## PROBLEM DETAILS
Restate word for word the entries below, starting with the line with "Anguished Black Man" and continuing through the line with "SM43A 4.3-inch Wireless". Include both of those lines and no others.

(SUPPLIED INFORMATION begins)

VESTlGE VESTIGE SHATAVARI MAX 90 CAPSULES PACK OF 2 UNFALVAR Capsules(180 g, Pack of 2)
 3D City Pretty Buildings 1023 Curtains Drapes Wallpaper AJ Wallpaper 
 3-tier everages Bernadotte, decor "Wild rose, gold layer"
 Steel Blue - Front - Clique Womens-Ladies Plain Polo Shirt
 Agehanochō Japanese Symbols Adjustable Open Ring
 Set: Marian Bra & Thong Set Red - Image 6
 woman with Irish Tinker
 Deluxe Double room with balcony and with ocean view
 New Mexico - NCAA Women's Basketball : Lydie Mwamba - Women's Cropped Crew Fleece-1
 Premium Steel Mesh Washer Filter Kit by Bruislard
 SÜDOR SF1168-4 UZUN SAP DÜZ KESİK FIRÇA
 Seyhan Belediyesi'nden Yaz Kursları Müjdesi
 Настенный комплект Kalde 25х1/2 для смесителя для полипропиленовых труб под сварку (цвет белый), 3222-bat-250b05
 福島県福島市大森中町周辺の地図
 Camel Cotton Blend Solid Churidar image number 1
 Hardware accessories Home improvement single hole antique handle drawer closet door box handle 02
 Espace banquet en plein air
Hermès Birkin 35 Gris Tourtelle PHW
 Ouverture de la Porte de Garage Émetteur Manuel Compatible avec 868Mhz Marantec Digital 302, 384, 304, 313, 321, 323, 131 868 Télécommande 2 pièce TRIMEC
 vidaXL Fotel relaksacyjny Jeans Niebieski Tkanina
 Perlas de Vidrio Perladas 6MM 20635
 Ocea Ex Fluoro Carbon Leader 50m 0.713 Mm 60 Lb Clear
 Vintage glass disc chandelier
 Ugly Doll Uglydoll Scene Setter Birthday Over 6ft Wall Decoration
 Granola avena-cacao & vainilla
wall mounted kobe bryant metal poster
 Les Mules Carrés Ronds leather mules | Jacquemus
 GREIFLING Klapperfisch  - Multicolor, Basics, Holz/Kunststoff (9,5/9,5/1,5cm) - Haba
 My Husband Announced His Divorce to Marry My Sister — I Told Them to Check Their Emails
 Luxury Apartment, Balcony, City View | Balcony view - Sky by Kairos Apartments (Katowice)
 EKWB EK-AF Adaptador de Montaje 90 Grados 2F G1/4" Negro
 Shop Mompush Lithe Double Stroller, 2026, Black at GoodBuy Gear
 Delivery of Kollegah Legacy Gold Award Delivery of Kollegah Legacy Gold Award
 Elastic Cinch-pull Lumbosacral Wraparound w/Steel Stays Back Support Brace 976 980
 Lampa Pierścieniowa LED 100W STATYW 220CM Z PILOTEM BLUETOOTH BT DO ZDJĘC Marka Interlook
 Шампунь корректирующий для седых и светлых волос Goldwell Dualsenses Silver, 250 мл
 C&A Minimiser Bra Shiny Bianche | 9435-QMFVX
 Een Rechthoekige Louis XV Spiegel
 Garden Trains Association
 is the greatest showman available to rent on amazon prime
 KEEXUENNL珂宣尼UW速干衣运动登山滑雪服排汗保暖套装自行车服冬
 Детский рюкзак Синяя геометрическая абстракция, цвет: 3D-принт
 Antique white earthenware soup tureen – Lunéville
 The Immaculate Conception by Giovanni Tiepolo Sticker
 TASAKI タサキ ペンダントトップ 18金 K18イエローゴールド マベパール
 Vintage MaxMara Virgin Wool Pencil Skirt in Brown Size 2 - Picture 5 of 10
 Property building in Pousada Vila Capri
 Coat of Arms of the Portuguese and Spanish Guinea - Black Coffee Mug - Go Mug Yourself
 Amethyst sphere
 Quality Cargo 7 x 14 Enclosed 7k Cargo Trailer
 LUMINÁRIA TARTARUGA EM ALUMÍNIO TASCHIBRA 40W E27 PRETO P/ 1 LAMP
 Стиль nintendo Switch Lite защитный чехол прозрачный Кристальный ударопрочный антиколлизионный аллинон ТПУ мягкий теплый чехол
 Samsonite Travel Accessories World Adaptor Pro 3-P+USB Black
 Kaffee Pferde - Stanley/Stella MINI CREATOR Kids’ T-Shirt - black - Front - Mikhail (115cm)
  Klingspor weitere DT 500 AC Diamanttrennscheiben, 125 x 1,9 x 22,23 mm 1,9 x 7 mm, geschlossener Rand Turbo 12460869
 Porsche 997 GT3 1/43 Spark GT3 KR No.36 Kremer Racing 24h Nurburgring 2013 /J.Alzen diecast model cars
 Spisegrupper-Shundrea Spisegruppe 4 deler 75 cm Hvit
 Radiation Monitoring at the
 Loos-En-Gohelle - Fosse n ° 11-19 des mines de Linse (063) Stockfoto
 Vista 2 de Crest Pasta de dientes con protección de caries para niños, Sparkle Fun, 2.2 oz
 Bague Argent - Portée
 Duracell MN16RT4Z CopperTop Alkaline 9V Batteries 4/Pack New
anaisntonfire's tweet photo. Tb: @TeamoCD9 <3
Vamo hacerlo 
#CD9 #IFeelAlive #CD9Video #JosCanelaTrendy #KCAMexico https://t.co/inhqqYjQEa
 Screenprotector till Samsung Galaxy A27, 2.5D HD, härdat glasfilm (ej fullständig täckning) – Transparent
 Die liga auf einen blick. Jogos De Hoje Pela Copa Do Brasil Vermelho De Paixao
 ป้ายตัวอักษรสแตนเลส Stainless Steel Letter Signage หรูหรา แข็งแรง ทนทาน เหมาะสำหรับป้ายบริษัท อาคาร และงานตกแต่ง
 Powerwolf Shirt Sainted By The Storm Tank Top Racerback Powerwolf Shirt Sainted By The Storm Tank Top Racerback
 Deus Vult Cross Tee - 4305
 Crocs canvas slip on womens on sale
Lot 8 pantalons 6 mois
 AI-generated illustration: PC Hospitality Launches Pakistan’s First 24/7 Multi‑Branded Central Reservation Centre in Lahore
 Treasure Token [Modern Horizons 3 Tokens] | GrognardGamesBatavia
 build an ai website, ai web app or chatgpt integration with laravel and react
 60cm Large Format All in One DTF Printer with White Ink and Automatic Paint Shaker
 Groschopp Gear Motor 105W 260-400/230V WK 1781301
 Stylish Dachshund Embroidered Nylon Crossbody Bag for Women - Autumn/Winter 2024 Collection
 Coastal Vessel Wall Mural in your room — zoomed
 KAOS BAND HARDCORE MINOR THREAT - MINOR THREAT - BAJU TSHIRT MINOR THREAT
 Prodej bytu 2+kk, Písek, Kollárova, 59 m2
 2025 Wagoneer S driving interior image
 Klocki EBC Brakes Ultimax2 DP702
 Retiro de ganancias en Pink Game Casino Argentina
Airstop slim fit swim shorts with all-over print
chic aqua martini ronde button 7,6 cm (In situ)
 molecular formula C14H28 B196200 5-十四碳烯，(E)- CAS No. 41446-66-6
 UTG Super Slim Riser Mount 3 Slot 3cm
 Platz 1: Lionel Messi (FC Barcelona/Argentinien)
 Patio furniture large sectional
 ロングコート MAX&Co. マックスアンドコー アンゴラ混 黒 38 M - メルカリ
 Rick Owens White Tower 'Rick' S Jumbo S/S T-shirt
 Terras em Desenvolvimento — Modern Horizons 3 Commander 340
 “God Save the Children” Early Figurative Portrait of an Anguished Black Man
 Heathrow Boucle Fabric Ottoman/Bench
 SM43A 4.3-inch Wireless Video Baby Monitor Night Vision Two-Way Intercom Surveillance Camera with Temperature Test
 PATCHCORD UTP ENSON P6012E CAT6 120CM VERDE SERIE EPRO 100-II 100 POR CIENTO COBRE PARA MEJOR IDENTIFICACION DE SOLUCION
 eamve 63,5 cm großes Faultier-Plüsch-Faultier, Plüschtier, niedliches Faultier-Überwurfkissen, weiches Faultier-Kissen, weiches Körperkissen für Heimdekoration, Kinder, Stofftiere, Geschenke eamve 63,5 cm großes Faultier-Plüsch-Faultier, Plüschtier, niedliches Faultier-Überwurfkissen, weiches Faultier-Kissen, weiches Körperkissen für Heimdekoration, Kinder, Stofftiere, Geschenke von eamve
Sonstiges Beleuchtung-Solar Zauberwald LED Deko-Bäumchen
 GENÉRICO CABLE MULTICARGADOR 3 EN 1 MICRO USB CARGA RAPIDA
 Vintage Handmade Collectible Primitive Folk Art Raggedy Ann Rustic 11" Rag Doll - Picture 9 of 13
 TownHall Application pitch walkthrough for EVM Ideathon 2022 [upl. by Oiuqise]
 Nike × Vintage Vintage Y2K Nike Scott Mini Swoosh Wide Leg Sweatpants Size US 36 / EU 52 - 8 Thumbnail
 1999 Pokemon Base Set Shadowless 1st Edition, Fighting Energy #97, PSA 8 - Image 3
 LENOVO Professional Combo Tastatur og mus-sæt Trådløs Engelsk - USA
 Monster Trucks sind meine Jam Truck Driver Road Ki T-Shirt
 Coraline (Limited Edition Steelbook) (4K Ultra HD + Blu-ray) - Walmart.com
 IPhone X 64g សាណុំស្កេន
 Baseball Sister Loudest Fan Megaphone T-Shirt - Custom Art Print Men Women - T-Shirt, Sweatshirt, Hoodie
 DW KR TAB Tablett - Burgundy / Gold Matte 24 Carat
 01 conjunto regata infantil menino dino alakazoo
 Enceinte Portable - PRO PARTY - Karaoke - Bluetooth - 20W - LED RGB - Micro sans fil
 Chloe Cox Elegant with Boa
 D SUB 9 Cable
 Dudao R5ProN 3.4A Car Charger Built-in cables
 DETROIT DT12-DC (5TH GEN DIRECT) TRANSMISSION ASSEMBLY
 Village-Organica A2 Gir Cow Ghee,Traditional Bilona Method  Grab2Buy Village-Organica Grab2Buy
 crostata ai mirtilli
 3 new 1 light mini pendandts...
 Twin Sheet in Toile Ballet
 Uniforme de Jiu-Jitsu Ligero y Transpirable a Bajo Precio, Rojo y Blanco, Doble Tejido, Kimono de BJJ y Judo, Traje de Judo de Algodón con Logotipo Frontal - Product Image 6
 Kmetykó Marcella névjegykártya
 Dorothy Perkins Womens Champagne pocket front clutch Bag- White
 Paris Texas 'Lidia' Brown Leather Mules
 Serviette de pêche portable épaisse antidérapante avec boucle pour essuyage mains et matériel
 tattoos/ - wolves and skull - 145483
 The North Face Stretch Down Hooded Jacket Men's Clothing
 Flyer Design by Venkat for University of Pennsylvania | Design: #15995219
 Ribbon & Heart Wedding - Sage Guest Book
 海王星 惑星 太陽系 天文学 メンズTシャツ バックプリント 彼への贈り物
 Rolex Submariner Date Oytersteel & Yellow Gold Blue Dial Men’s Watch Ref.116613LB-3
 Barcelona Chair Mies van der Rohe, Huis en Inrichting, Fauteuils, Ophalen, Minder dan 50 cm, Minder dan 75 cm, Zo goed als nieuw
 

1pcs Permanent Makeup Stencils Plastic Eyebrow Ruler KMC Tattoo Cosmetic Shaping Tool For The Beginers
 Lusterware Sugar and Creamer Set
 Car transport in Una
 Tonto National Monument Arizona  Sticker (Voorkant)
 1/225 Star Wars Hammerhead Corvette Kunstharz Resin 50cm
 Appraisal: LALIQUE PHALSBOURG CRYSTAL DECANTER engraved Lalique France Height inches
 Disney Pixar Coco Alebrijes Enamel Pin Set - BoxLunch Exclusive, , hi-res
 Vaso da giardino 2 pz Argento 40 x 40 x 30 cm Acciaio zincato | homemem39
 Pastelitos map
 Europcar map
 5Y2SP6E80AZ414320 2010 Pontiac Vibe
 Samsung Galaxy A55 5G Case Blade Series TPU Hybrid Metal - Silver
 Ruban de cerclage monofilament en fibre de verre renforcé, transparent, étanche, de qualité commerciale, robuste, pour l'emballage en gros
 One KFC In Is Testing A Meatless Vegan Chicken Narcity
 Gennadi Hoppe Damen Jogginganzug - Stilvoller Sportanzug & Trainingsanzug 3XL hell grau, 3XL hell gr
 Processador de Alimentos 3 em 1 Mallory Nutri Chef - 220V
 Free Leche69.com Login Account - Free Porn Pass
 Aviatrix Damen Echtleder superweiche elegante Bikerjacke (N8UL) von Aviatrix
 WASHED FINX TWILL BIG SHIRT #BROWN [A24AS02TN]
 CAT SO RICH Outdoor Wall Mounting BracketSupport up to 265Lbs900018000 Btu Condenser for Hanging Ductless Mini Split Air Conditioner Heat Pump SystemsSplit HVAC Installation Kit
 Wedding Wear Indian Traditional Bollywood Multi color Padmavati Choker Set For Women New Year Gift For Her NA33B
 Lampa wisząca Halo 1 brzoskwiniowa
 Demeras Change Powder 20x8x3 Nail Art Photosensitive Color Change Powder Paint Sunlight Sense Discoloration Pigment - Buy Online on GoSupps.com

(SUPPLIED INFORMATION ends)

## RESULT FOR THIS EXERCISE
 “God Save the Children” Early Figurative Portrait of an Anguished Black Man
 Heathrow Boucle Fabric Ottoman/Bench
 SM43A 4.3-inch Wireless Video Baby Monitor Night Vision Two-Way Intercom Surveillance Camera with Temperature Test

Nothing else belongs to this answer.